I admittedly haven't worked in manufacturing at anything even resembling that
scale, but I did spend a summer working for a company that assembled, sold,
and installed PCs to local small businesses and (particularly) school
districts. A 4-5% failure rate, at the point of installation, would have been
absolutely inconceivable in that job.

Sure, there were _lots_ of failures, most caused by assembly errors, some
caused by damage during assembly, some due to component failures, but the
_vast_ majority were caught before the trucks were loaded. One guy with a
rolling swivel chair and several industrial-sized KVM switches can verify that
500 _(what you might expect for several computer labs across a single school
district, for school districts the size we were dealing with)_ or so PCs will
more or less work in really just a few minutes. I would assert that this sort
of manual sanity checking is the sort of operation that is embarrassingly
parallelizable too. Two people can check a batch of 1000 just as fast as one
person can check 500. 20 people should be able to do 10,000.

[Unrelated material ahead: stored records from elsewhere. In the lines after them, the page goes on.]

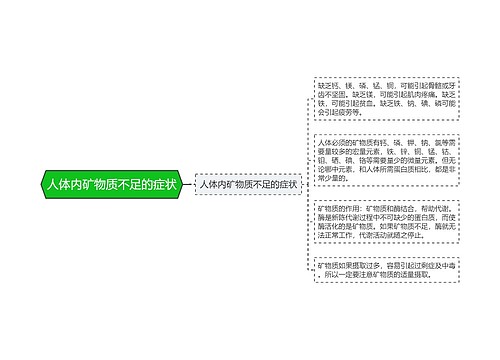 人体内矿物质不足的症状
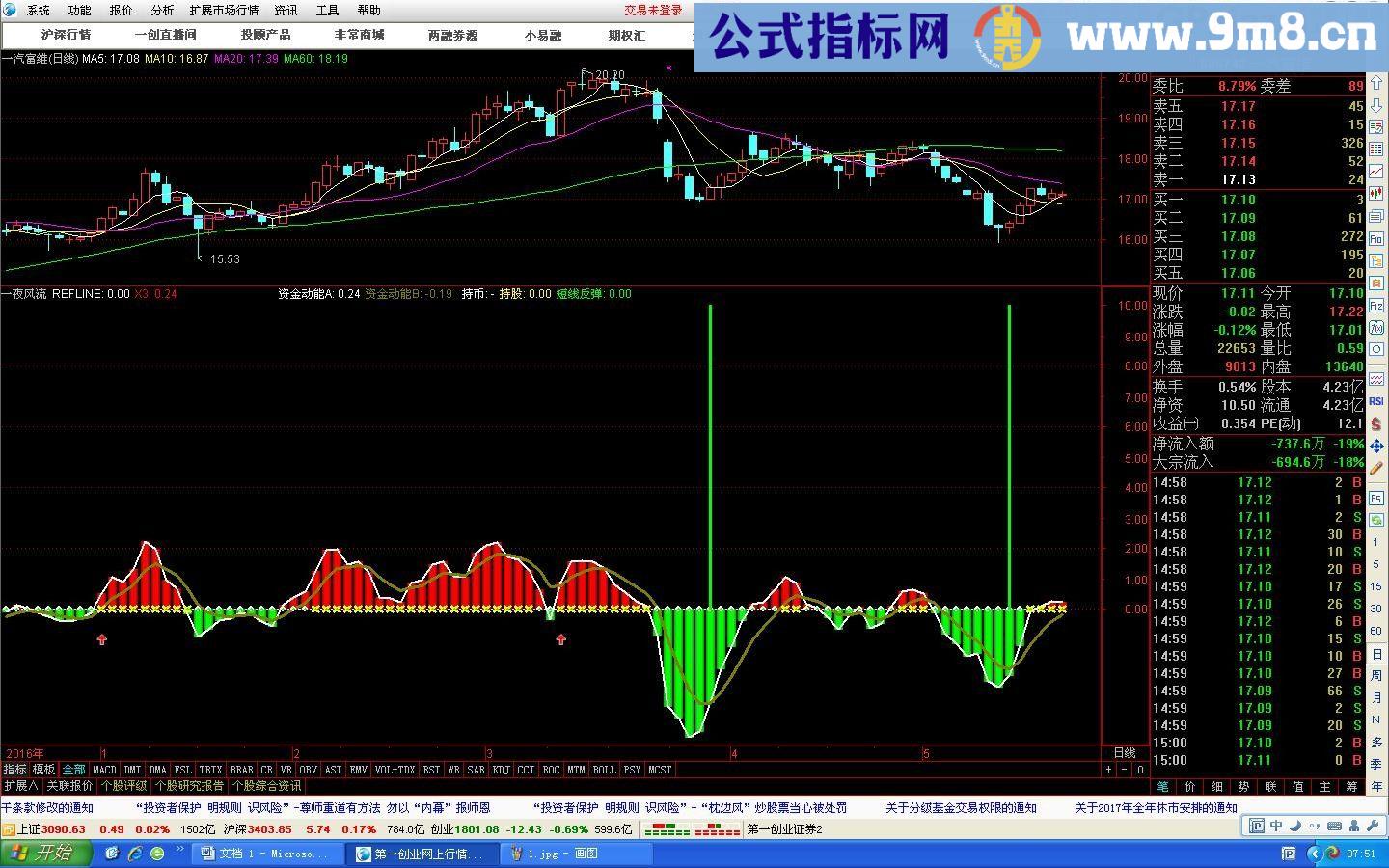 精准短线起爆 副图源码 通达信 贴图 无未来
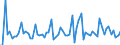 KN 13021300 /Exporte /Einheit = Preise (Euro/Tonne) /Partnerland: Ver.koenigreich(Ohne Nordirland) /Meldeland: Eur27_2020 /13021300:Auszug Oder Saft von Hopfen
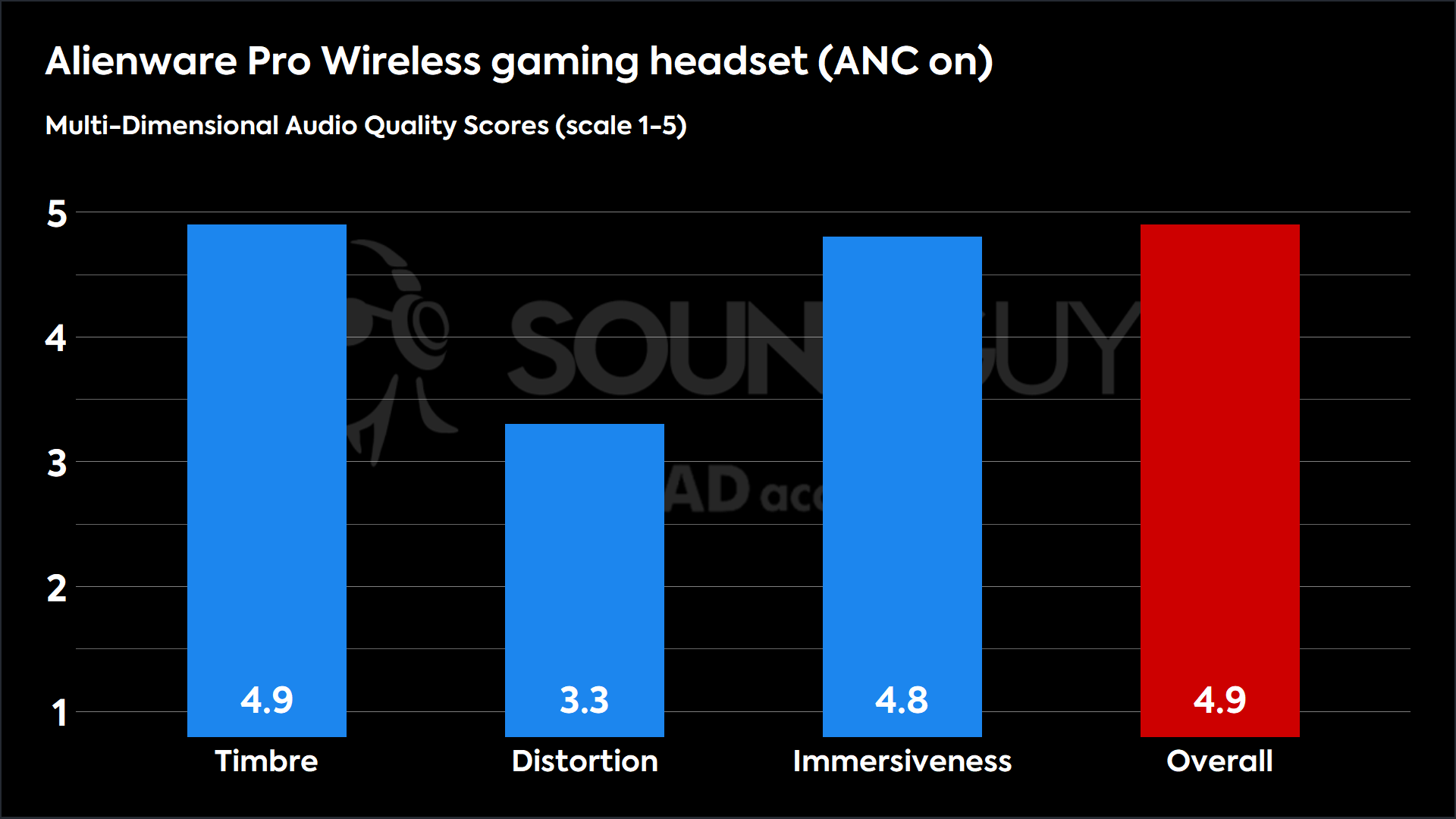 Alienware Pro Wireless gaming headset (ANC on)-MDAQS This chart shows the MDAQS results for the Alienware Pro Wireless gaming headset in ANC on mode. The Timbre score is 4.9, The Distortion score is 3.3, the Immersiveness score is 4.8, and the Overall Score is 4.9).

And this was a small operation. Were we larger, it may have made sense to look
into more automation.

Between those checks, and when they were hauled into schools and plugged in?
Nothing much about a tractor trailer ride is going to make a PC go DOA.

So I guess my question is, what sort of QA are they doing at the factory to
get a 4-5% DOA rate? Or if the QA is fine, what the hell is happening during
the shipping? Are the devices overly fragile? If they are being damaged during
shipping, could the same damage occur in the home?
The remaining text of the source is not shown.